I've used PDFBox with good success. Here's a sample of what the code looks like (back from version 0.7.2), that likely came from one of the provided examples:

// load the document
System.out.println("Reading document: " + filename);
PDDocument doc = null;                                                                                                                                                                                                          
doc = PDDocument.load(filename);

// look at all the document information
PDDocumentInformation info = doc.getDocumentInformation();
COSDictionary dict = info.getDictionary();
List l = dict.keyList();
for (Object o : l) {
    //System.out.println(o.toString() + " " + dict.getString(o));
    System.out.println(o.toString());
}

// look at the document catalog
PDDocumentCatalog cat = doc.getDocumentCatalog();
System.out.println("Catalog:" + cat);

List<PDPage> lp = cat.getAllPages();
System.out.println("# Pages: " + lp.size());
PDPage page = lp.get(4);
System.out.println("Page: " + page);
System.out.println("\tCropBox: " + page.getCropBox());
System.out.println("\tMediaBox: " + page.getMediaBox());
System.out.println("\tResources: " + page.getResources());
System.out.println("\tRotation: " + page.getRotation());
System.out.println("\tArtBox: " + page.getArtBox());
System.out.println("\tBleedBox: " + page.getBleedBox());
System.out.println("\tContents: " + page.getContents());
System.out.println("\tTrimBox: " + page.getTrimBox());
List<PDAnnotation> la = page.getAnnotations();
System.out.println("\t# Annotations: " + la.size());
0 votes
answered Aug 24, 2010 by mark-stephens

Adobe Acrobat has a very cool but rather well hidden mode allowing you to inspect PDF files. I wrote a blog article explaining it at https://blog.idrsolutions.com/2009/04/viewing-pdf-objects/

0 votes
answered Aug 24, 2010 by dwight-kelly

The object viewer in Acrobat is good but Windjack Solution's PDF Canopener allows better inspection with an eyedropper for selecting objects on page. Also permits modifications to be made to PDF.

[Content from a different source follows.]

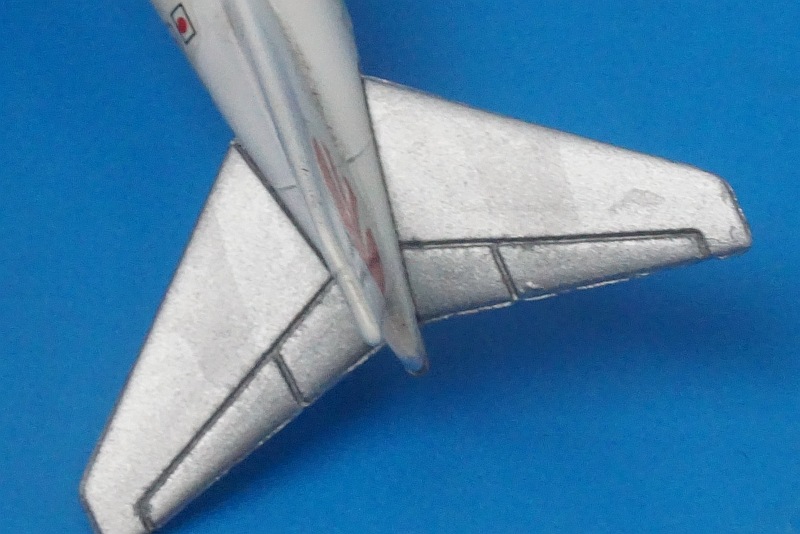 1/600 B747-400 JAL ���������/MD-11 JAL/B747-300 ���ܥ������ʤ� �ޤȤ��6�����å� ����Х�/���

http://www.windjack.com/products/pdfcanopener.html

0 votes
answered Aug 3, 2012 by gkcn

I use iText RUPS(Reading and Updating PDF Syntax) in Linux. Since it's written in Java, it works on Windows, too. You can browse all the objects in PDF file in a tree structure. It can also decode Flate encoded streams on-the-fly to make inspecting easier.

Here is a screenshot:

iText RUPS screenshot

0 votes
answered Aug 6, 2015 by kurt-pfeifle

Besides the GUI-based tools mentioned in the other answers, there are a few command line tools which can transform the original PDF source code into a different representation which lets you inspect the (now modified file) with a text editor. All of the tools below work on Linux, Mac OS X, other Unix systems or Windows.

qpdf (my favorite)

Use qpdf to uncompress (most) object's streams and also dissect ObjStm objects into individual indirect objects:

qpdf --qdf --object-streams=disable orig.pdf uncompressed-mutool.pdf

qpdf describes itself as a tool that does "structural, content-preserving transformations on PDF files".

Then just open + inspect the uncompressed-mutool.pdf file in your favorite text editor. Most of the previously compressed (and hence, binary) bytes will now be plain text.

mutool

There is also the mutool command line tool which comes bundled with the MuPDF PDF viewer (which is a sister product to Ghostscript, made by the same company, Artifex). The following command does also uncompress streams and makes them more easy to inspect through a text editor:

mutool clean -d orig.pdf uncompressed-mutool.pdf

podofouncompress

PoDoFo is an FreeSoftware/OpenSource library to work with the PDF format and it includes a few command line tools, including podofouncompress. Use it like this to uncompress PDF streams:

podofouncompress orig.pdf uncompressed-podofo.pdf

peepdf.py

PeePDF is a Python-based tool which helps you to explore PDF files. Its original purpose was for research and dissection of PDF-based malware, but I find it useful also to investigate the structure of completely benign PDF files.

It can be used interactively to "browse" the objects and streams contained in a PDF.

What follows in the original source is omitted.